In both cases, the magic isn’t the tool, it’s the repeatability. 

The core lesson: Systems build agencies 

Every freelancer eventually hits a ceiling. There are only so many hours in the day, and only so many clients one person can juggle. 

But the agency owners you interviewed all described the same turning point. They stopped trying to “work harder” and learned how to “work systematically.” 

They documented, templated, automated, delegated, and refined. They built a machine that could support: 

  • higher volume
  • better margins
  • consistent quality
  • the ability to hire
  • the ability to take days off
  • the ability to grow without burning out

And that’s what ultimately separates a freelancer who’s stuck from one who grows into a thriving, scalable agency. 

Takeaway: Tools matter, but processes matter far more. 

The fastest-growing Pros of 2025 didn’t settle for only building great websites, they also built great systems. And those systems became the foundation of their success, their profitability, and their ability to grow from solo operators into agencies with real momentum. 

8. Predictable pricing matters — a lot 

Pricing came up in nearly every conversation this year. Not just as a business tactic, but as a point of stress for freelancers and agencies at every stage. 

Across all levels of experience, Pros consistently expressed frustration with tools and platforms that introduce surprise fees, plugin renewals, complex add-ons, or unpredictable hosting costs. 

One Pro said what many echoed: 

“Don’t make me buy eight plugins for something that should be built-in.”

This wasn’t about money. It was about: 

  • Avoiding awkward conversations with clients
  • Being able to price projects confidently
  • Preventing unexpected costs from eating into margins
  • Providing simple, clear proposals that clients understand
  • Building predictable recurring revenue in their own agency

And while every Pro had their own project rates, retainers, and billing models, what they valued most was simplicity. They wanted:

  • Simple plans they could explain in one sentence
  • Transparent pricing without hidden upsells
  • Hosting renewals that didn’t surprise their clients
  • Bundled functionality that reduced the need for scattered tools

And importantly, they wanted products and services they could mark up confidently, without worrying that a client would find a confusing line item and question their pricing. 

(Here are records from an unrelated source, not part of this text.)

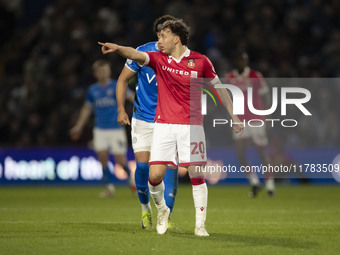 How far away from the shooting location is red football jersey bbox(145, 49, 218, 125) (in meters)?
7.07

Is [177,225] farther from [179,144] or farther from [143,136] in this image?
[179,144]

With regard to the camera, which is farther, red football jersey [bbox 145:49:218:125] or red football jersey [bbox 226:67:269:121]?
red football jersey [bbox 226:67:269:121]

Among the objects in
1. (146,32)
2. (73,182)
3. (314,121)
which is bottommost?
(73,182)

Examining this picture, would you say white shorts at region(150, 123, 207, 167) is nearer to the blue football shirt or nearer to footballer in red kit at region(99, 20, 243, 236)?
footballer in red kit at region(99, 20, 243, 236)

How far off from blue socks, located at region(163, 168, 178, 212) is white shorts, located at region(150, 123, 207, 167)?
2.69 feet

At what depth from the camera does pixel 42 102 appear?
62.6 feet

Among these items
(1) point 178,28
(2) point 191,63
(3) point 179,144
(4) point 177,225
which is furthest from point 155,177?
(1) point 178,28

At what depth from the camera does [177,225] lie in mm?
8359

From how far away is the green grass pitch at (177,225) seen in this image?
20.8 feet

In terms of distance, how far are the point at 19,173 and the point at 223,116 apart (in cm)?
536

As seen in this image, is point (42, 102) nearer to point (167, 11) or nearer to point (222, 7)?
point (167, 11)

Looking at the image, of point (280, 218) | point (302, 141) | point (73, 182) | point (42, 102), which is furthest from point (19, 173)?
point (280, 218)

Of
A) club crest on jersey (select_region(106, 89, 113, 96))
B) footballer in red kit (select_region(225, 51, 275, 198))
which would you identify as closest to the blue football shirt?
club crest on jersey (select_region(106, 89, 113, 96))

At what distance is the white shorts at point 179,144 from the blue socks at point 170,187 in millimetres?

This was especially true for newer freelancers who were still building confidence in their value. Tools with confusing or unpredictable pricing reinforced imposter syndrome; tools with clean, simple, predictable pricing gave them the stability to charge what their expertise is actually worth. 

Where GoDaddy helps 

Predictable pricing is a growth enabler. And it’s an area where GoDaddy is intentionally focused on supporting Pros. 

Across our hosting, security, and email services, our goal is to offer: 

  • Clear and transparent pricing structures
  • Easy-to-understand bundles
  • Renewals that don’t surprise clients
  • Products that agencies can confidently resell
  • Management tools (like the Hub) that reduce tool sprawl

This matters because agencies want to spend their time on client work, not decoding pricing tables, tracking plugin renewal dates, or explaining surprise charges their clients found online. 

Predictability helps them: 

  • Price projects clearly
  • Build recurring revenue
  • Increase client trust
  • Reduce operational overhead
  • Standardize their service offerings

And the more predictable pricing becomes, the easier it is for Pros to run profitable, stable, and scalable businesses. 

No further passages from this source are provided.